# TASK GOAL:
Reproduce every entry below precisely; do not include the pictures.

Collected data entries
--------------------------------

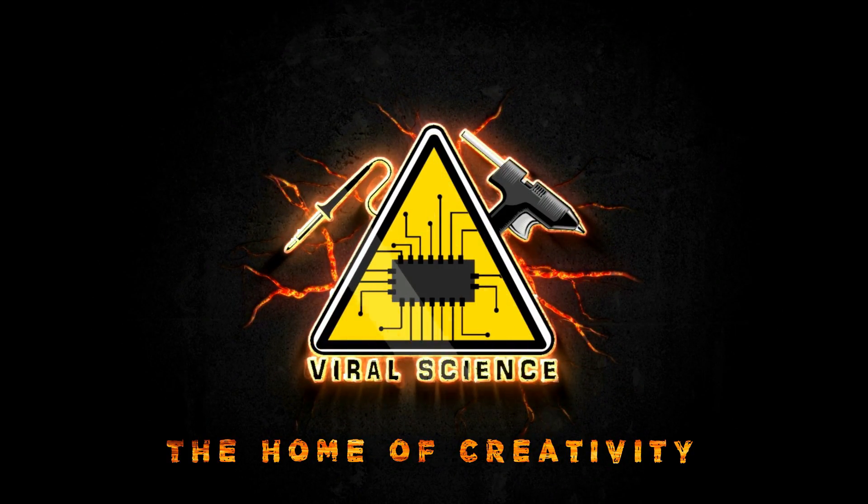Viral Science, the home of creativity. Hey guys, welcome back to another video. In a previous video I showed you a 3D pen, but in this video I have an upgraded and automated version of that 3D pen — that is a 3D printer.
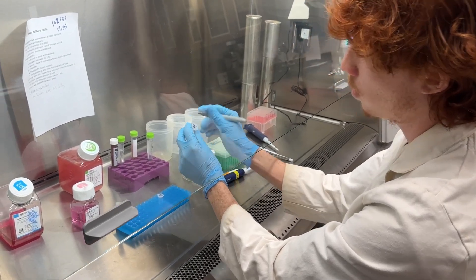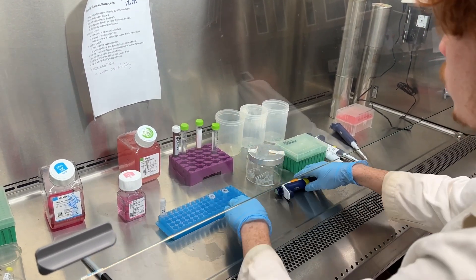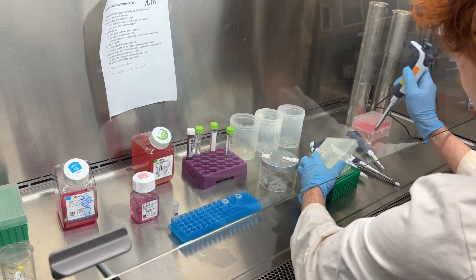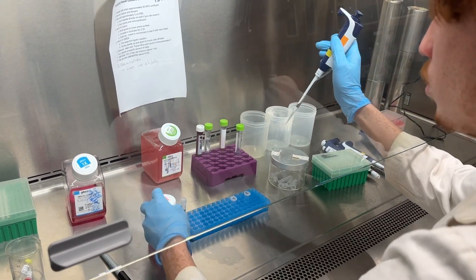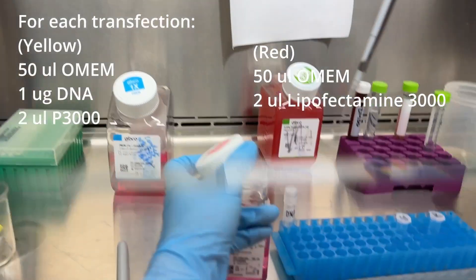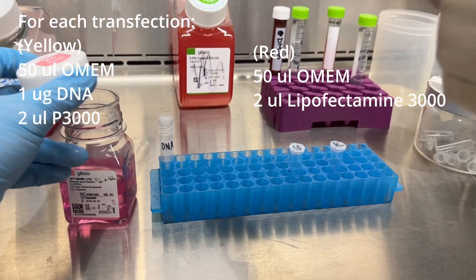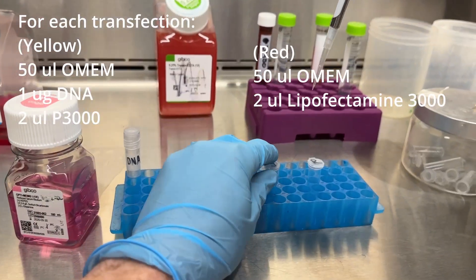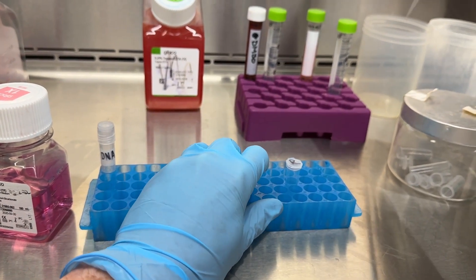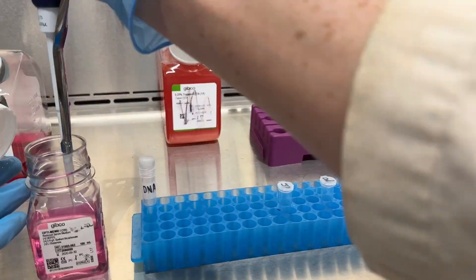For each transfection you're going to need two tubes. Spencer has labeled each tube as R and Y — we'll talk about why those labels in a moment. Into each tube he places 50 microliters of OMEM, an optimized medium — think of it as SOC for human cells. Then into the yellow tube he adds the DNA and the P3000 reagent.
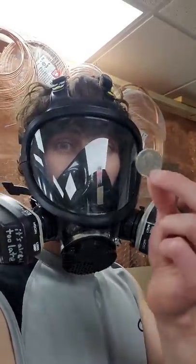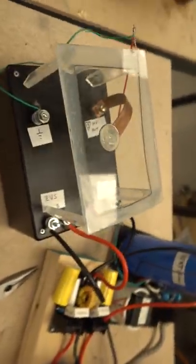You ever wonder what a quarter covered in corona looks like? No, I don't mean the virus — I mean the fun, high voltage kind of corona. Here I have the quarter hooked up to a Kirlian photography setup, and the quarter is being hit with 20,000 volts AC.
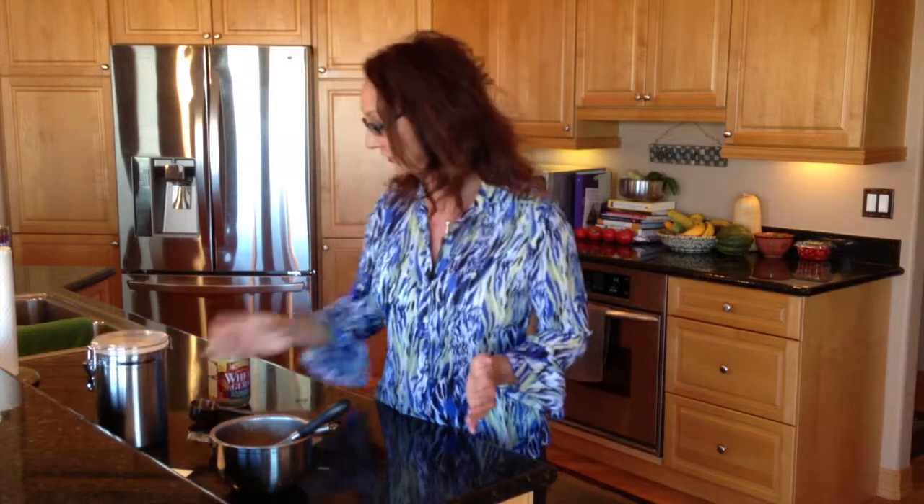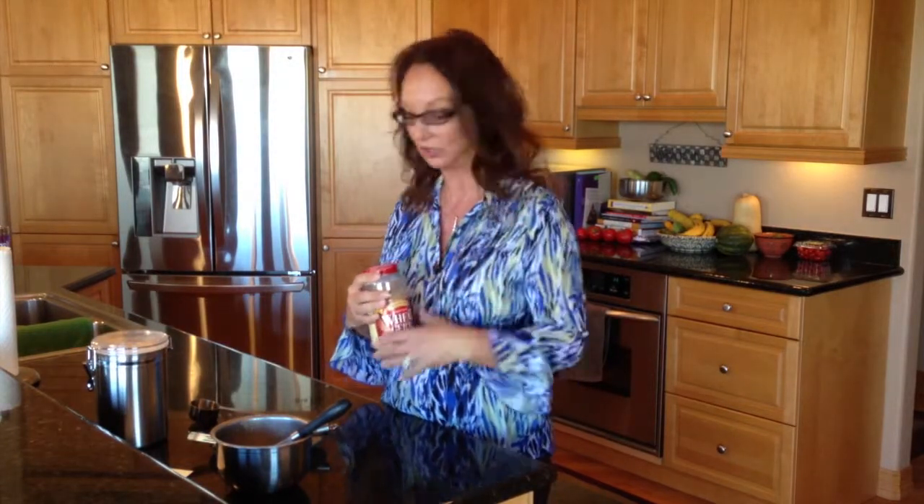Write this down: three egg whites, a quarter cup of your dry oatmeal, equal parts — which is a quarter cup of your protein powder. If you like chocolate pancakes, use your chocolate protein powder. And a little tiny scoop, maybe a tablespoon of wheat germ — use whatever kind you want.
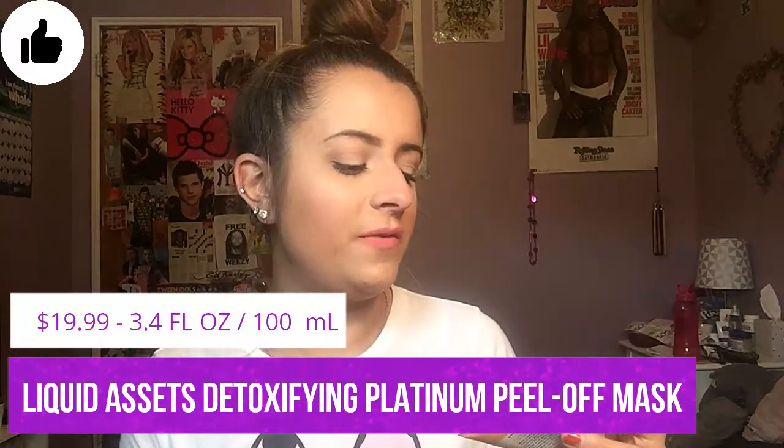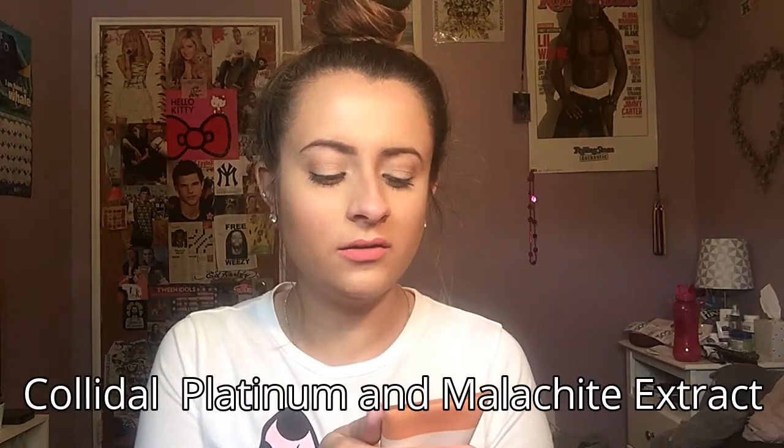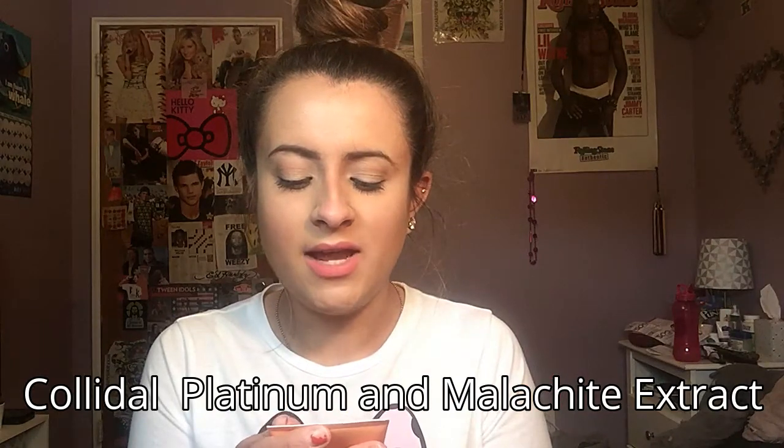First I'm going to talk about the Enlite Superface Liquid Assets Detoxifying Platinum Peel-Off Mask, which is 3.4 fluid ounces or 100 milliliters. It has colloidal platinum peptides — I'll have all the details listed. Basically this is just a peel-off mask and it comes out silver. I looked it up online when I started using it and a lot of people were comparing it to the silver GlamGlow mask. This one is more budget-friendly — the original price was $20.99, which is way better than GlamGlow.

--------------------------------

# PROBLEM SOLUTION:
Viral Science, the home of creativity. Hey guys, welcome back to another video. In a previous video I showed you a 3D pen, but in this video I have an upgraded and automated version of that 3D pen — that is a 3D printer.
For each transfection you're going to need two tubes. Spencer has labeled each tube as R and Y — we'll talk about why those labels in a moment. Into each tube he places 50 microliters of OMEM, an optimized medium — think of it as SOC for human cells. Then into the yellow tube he adds the DNA and the P3000 reagent.
You ever wonder what a quarter covered in corona looks like? No, I don't mean the virus — I mean the fun, high voltage kind of corona. Here I have the quarter hooked up to a Kirlian photography setup, and the quarter is being hit with 20,000 volts AC.
Write this down: three egg whites, a quarter cup of your dry oatmeal, equal parts — which is a quarter cup of your protein powder. If you like chocolate pancakes, use your chocolate protein powder. And a little tiny scoop, maybe a tablespoon of wheat germ — use whatever kind you want.
First I'm going to talk about the Enlite Superface Liquid Assets Detoxifying Platinum Peel-Off Mask, which is 3.4 fluid ounces or 100 milliliters. It has colloidal platinum peptides — I'll have all the details listed. Basically this is just a peel-off mask and it comes out silver. I looked it up online when I started using it and a lot of people were comparing it to the silver GlamGlow mask. This one is more budget-friendly — the original price was $20.99, which is way better than GlamGlow.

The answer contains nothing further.